◆ Exercise data:

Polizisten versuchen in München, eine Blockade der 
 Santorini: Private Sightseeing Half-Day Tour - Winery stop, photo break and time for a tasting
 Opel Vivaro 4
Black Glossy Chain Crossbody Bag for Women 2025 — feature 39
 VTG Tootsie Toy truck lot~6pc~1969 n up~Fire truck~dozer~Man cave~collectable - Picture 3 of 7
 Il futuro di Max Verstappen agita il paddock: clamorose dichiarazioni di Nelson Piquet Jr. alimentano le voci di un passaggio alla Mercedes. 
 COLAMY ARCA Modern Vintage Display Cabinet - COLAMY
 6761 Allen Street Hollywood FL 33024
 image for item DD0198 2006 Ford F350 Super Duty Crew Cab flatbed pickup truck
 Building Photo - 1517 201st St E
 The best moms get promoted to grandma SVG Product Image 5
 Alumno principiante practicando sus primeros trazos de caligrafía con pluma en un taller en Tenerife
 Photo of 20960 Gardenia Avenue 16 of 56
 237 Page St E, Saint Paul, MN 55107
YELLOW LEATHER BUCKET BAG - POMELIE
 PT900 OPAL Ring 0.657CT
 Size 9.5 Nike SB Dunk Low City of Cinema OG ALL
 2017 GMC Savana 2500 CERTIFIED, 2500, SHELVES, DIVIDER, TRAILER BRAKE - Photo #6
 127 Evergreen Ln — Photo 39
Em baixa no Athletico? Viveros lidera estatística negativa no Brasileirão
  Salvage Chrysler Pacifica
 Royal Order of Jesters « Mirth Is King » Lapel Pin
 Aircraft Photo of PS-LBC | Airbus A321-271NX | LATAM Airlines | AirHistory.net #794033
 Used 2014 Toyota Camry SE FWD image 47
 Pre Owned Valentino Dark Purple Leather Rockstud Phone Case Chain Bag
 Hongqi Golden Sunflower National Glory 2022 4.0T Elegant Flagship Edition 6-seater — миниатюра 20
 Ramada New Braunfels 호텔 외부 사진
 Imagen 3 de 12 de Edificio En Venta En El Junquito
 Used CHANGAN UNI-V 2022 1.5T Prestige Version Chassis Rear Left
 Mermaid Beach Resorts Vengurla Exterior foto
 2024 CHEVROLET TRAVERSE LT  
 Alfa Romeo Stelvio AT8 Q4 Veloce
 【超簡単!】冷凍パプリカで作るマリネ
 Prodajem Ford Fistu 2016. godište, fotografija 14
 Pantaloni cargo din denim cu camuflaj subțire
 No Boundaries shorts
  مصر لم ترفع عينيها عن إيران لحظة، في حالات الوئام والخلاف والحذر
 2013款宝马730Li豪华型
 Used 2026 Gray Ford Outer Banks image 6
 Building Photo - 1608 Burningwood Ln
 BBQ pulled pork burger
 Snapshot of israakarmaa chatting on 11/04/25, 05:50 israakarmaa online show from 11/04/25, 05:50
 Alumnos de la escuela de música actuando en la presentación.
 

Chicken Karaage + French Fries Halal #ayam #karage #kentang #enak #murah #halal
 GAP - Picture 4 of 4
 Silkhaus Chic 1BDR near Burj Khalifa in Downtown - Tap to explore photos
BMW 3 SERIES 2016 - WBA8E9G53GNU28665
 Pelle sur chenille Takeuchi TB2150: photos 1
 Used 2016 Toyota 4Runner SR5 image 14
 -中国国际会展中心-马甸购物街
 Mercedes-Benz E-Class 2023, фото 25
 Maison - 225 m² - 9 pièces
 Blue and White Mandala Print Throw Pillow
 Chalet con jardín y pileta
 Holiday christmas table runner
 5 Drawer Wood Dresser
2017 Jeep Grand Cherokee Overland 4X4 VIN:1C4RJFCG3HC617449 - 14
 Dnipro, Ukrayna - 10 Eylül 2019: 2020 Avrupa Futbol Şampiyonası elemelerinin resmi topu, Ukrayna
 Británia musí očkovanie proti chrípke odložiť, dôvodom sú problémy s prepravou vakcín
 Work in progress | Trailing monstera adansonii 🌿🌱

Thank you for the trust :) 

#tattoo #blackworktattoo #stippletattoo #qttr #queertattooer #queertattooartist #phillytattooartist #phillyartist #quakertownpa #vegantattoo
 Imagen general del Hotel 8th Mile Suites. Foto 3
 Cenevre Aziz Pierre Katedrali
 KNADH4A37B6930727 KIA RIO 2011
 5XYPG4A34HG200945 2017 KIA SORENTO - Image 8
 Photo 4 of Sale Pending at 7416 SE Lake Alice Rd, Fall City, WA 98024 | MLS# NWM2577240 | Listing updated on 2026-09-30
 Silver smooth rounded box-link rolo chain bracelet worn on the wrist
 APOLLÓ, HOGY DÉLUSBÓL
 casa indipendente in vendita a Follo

◆ Requirement: Which of the lines above hold the word "Toyota"? Copy each one.

◆ Task result:
 Used 2014 Toyota Camry SE FWD image 47
 Used 2016 Toyota 4Runner SR5 image 14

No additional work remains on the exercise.